* [Directions]: What are the lines from the one containing "Floor plan: Apartment no. AA0007" through the last line of the records below? Return them exactly, leaving out pictures.

* [Short descriptive text snippets]:
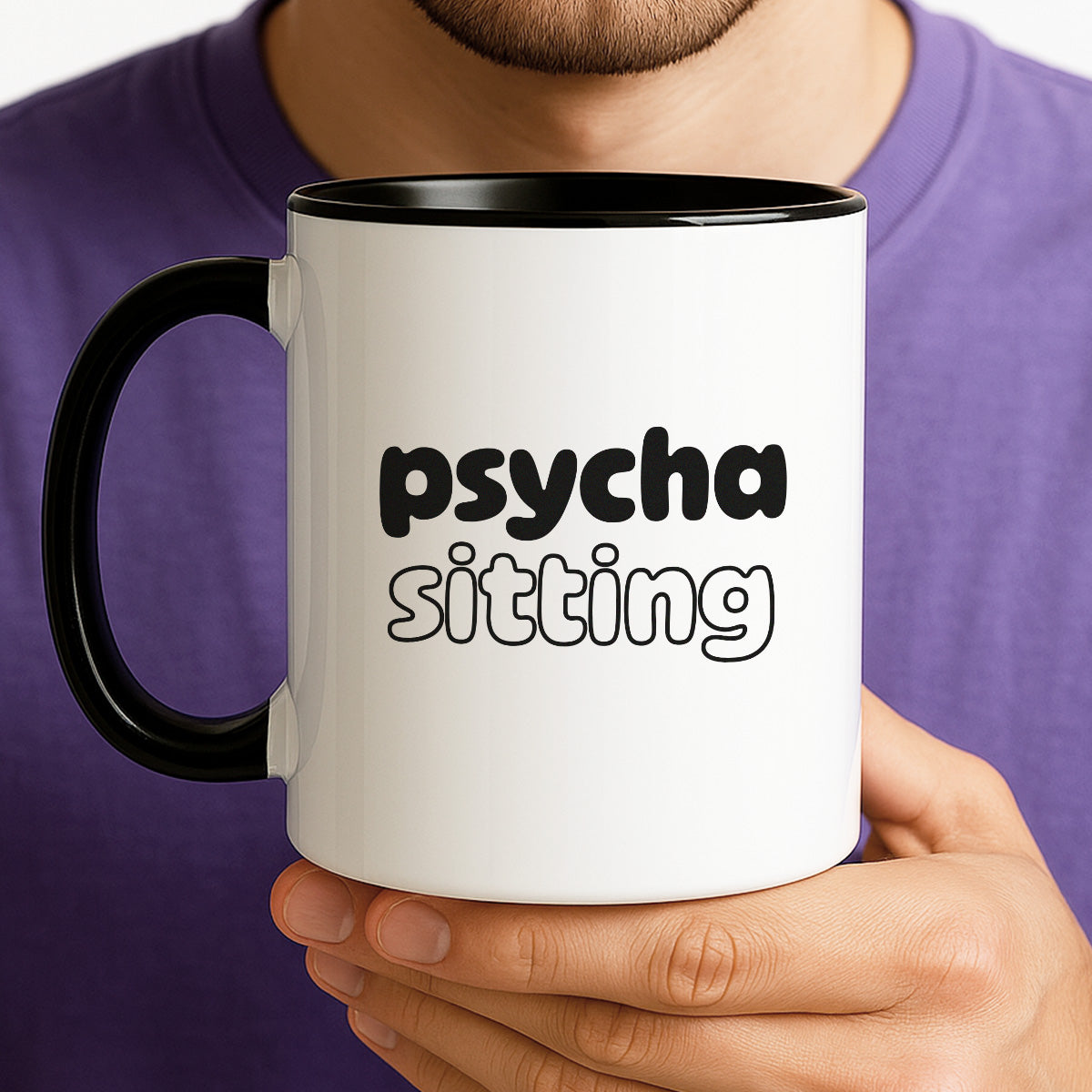 Kubek z nadrukiem - "Psycha sitting"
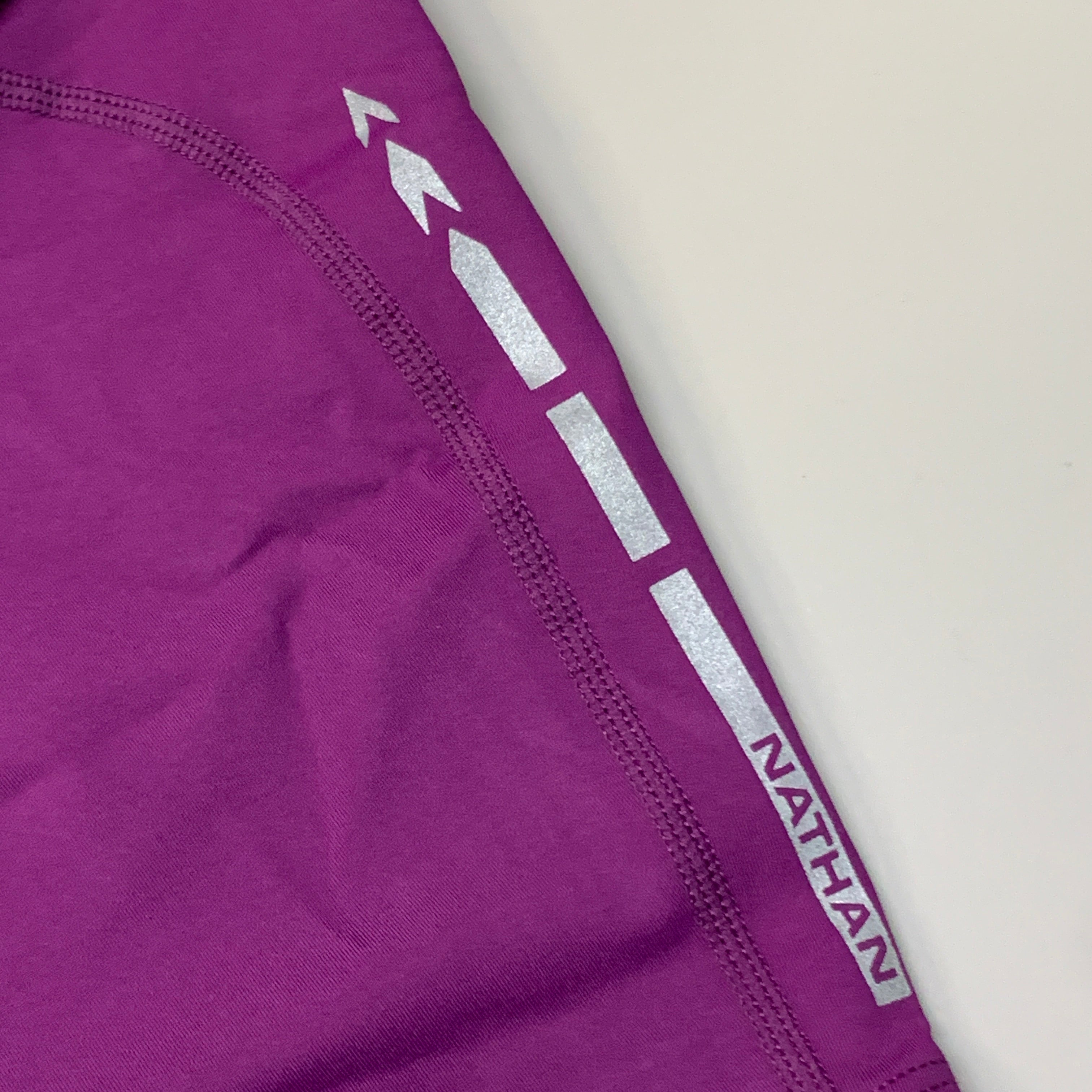 NATHAN Interval 3" Inseam Bike Short Women's Plum Size M NS51040-70030-M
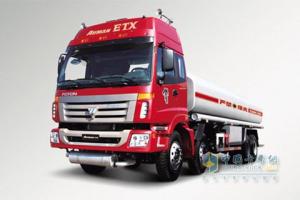 福田戴姆勒 ETX重卡 260马力 8×2 5系油罐车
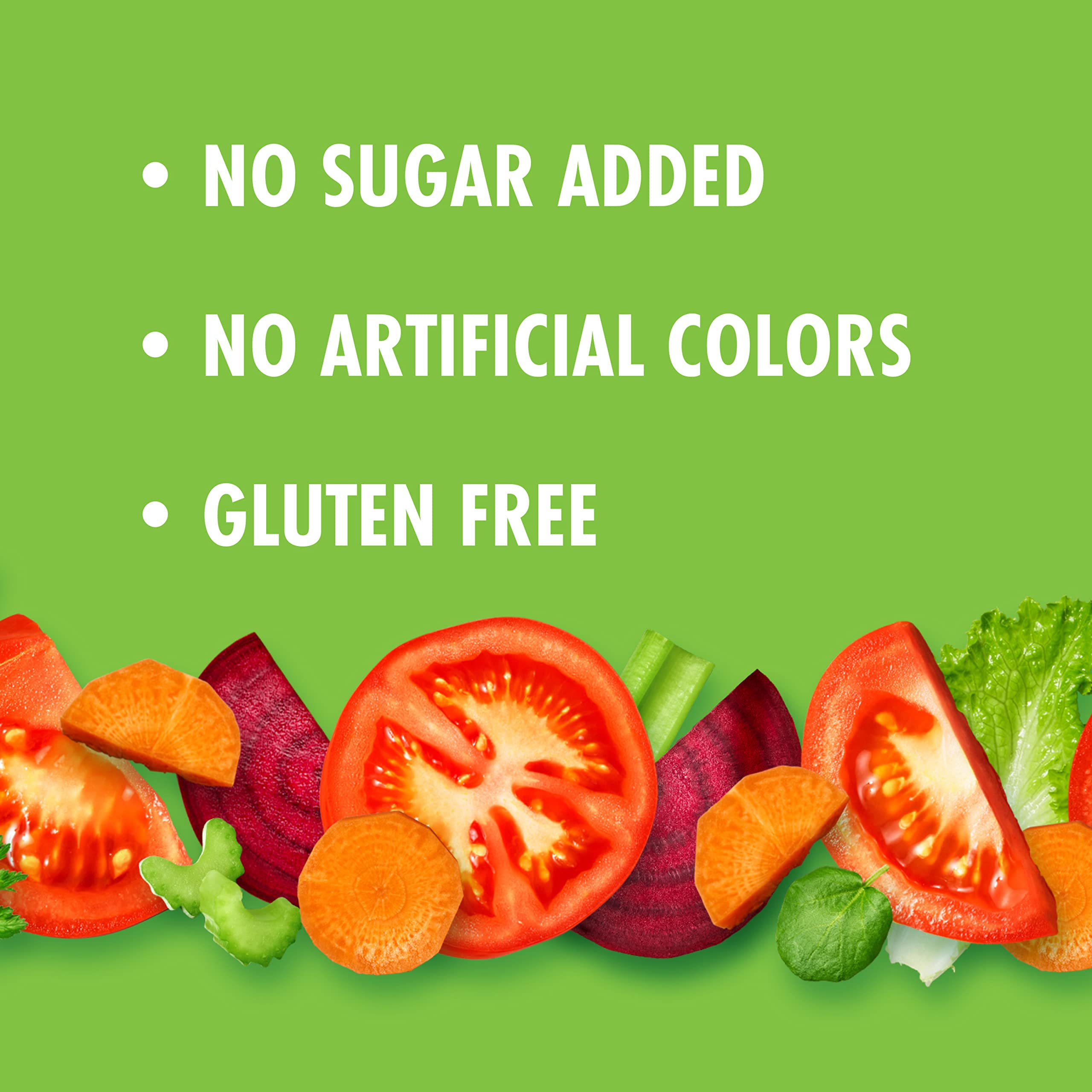 V8 Original gluten-free non-GMO label on can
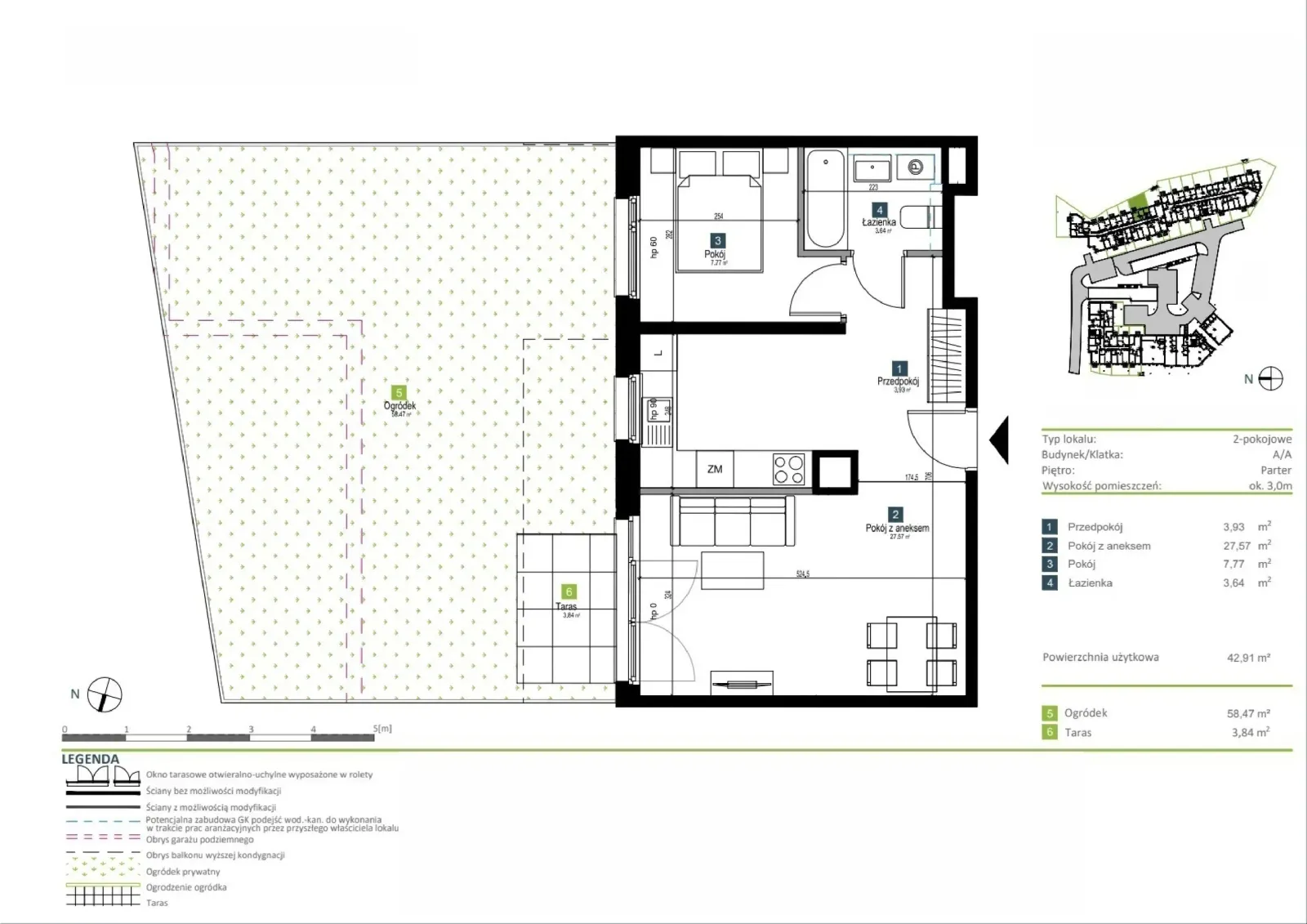 Floor plan: Apartment no. AA0007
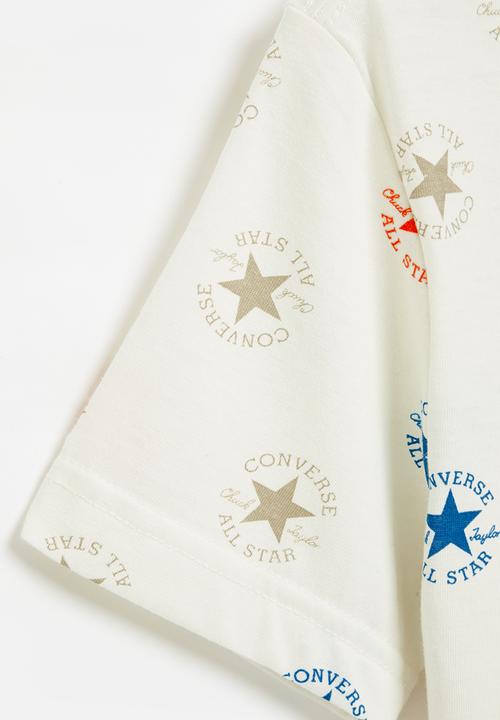Converse - Teen All star aop short sleeve tee - egret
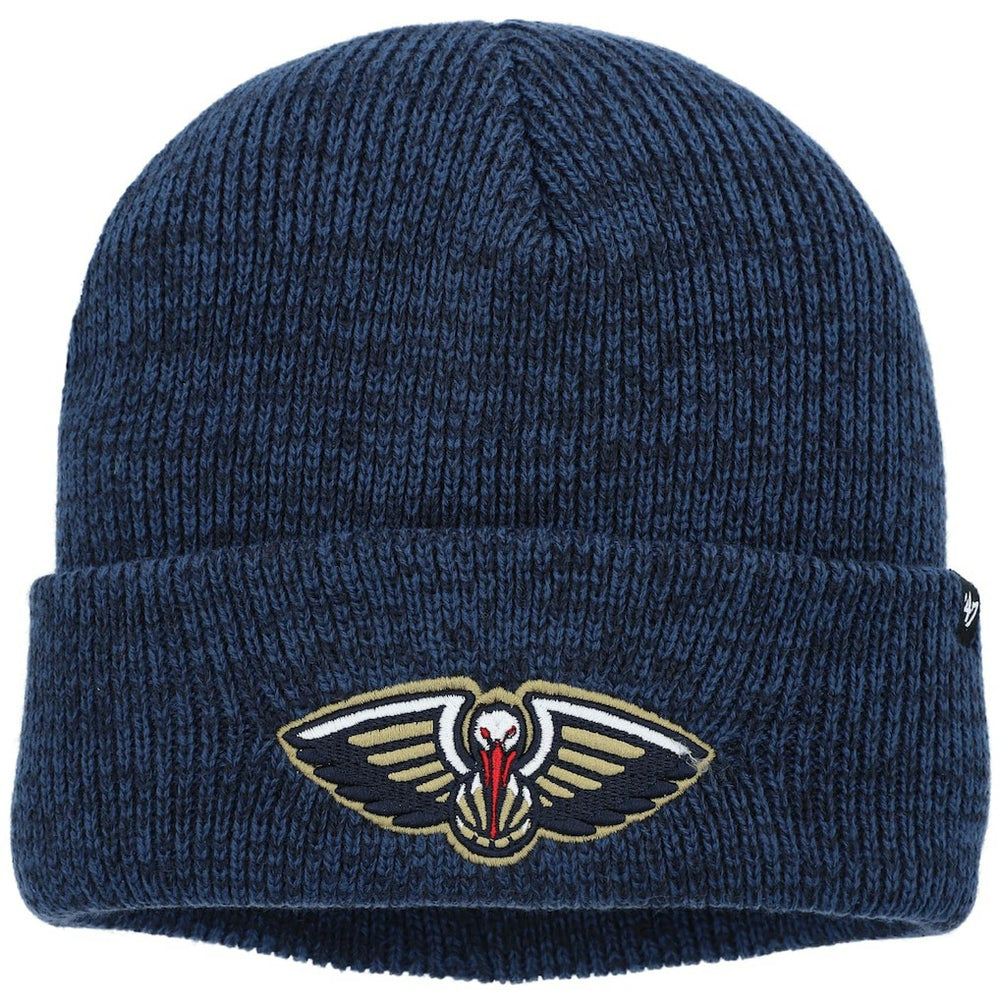 New Orleans Pelicans '47 Brain Freeze Cuffed Knit Hat Navy | 47 brand outlet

* [Exercise result]:
 Floor plan: Apartment no. AA0007
Converse - Teen All star aop short sleeve tee - egret
 New Orleans Pelicans '47 Brain Freeze Cuffed Knit Hat Navy | 47 brand outlet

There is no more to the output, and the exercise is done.